The Metadata attribute collection is interesting from a linking perspective because many of these attributes describe the relationship of their element to something else. The about attribute “specifies which resource has a specified property”; the content attribute “specifies the metadata associated with an element”; the resource attribute “indicates the URI of the resource that is being referred to by an element”; the rel attribute (and, in the reverse direction, the rev element) “describes the relationship between the resource specified by the about attribute (or its default value) and the resource referred to by the resource attribute.” This lays the groundwork for describing many of the kinds of resource relationships that RDF is good at. In his comments on the draft to the public-rdf-in-xhtml mailing list, Dominique Hazaël-Massieux, wrote “I think it would really be worth spending some time writing a few of the
RDF/XML test cases in XHTML to detect inconsistencies/incompatibilities.”
XHTML 2.0 also describes the link element. (Unlike the previous Working Draft, link doesn’t get its own module. This is a good idea, because “Linking Module” sounds much more generalized than it really is.) Most would recognize the XHTML link element from its use in head elements to perform tasks such as the naming of stylesheets to use with the containing web page. While the May 2003 XHTML 2 draft said that this element “may only appear in the head section of a document”, the new draft makes no such constraint, and the RELAX NG schema that accompanies the working draft does allow link elements in an XHTML body. Unfortunately, all the examples shown in this draft show it in head elements. I’m curious what roles the Working Group pictures for link elements inside of body elements.
The link element has all the same attributes described above for the a element, and the working draft adds some extra documentation about the potential uses of the rel and rev attributes. It also describes potential interpretations of the element by search engines looking for alternate versions of the document.

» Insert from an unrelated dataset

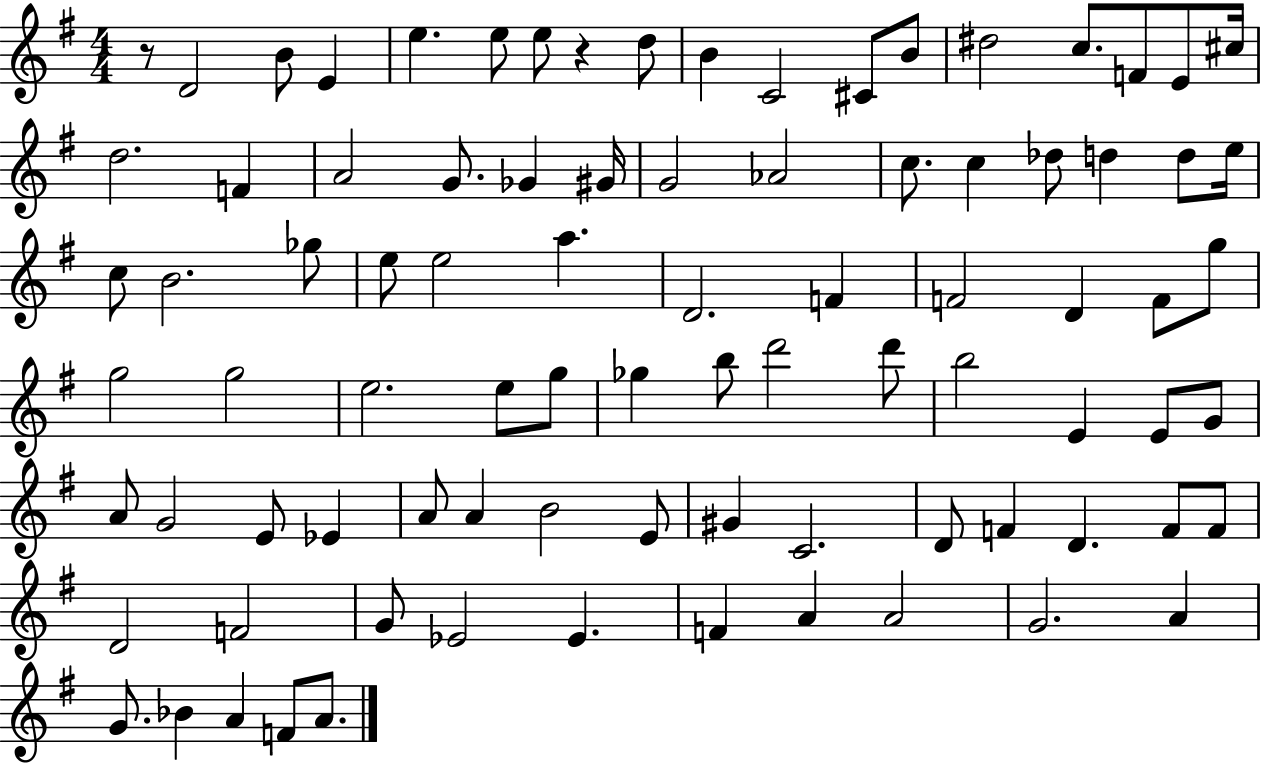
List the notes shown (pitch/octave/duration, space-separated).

R/e D4/h B4/e E4/q E5/q. E5/e E5/e R/q D5/e B4/q C4/h C#4/e B4/e D#5/h C5/e. F4/e E4/e C#5/s D5/h. F4/q A4/h G4/e. Gb4/q G#4/s G4/h Ab4/h C5/e. C5/q Db5/e D5/q D5/e E5/s C5/e B4/h. Gb5/e E5/e E5/h A5/q. D4/h. F4/q F4/h D4/q F4/e G5/e G5/h G5/h E5/h. E5/e G5/e Gb5/q B5/e D6/h D6/e B5/h E4/q E4/e G4/e A4/e G4/h E4/e Eb4/q A4/e A4/q B4/h E4/e G#4/q C4/h. D4/e F4/q D4/q. F4/e F4/e D4/h F4/h G4/e Eb4/h Eb4/q. F4/q A4/q A4/h G4/h. A4/q G4/e. Bb4/q A4/q F4/e A4/e.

I’ve already sent some comments to the working group. If you’re interested in the future of XHTML linking, read these sections and send in comments yourself. (For the mailing address and a link to the comment archives, see the paragraph beginning “Formal issues” in the “Status of This Document” section. Isn’t it ironic that I have to point to that paragraph using descriptive natural language? It’s too bad that the XHTML 1 document telling us about XHTML 2 doesn’t assign id attribute values to its block-level elements so that we can treat them as link destinations.) There’s been some additional interesting discussion on the public-html-in-rdf-tf list, often cc’d to the Working Draft comments mailing address.
What do you like or not like about the linking markup in the latest HTML Working Draft?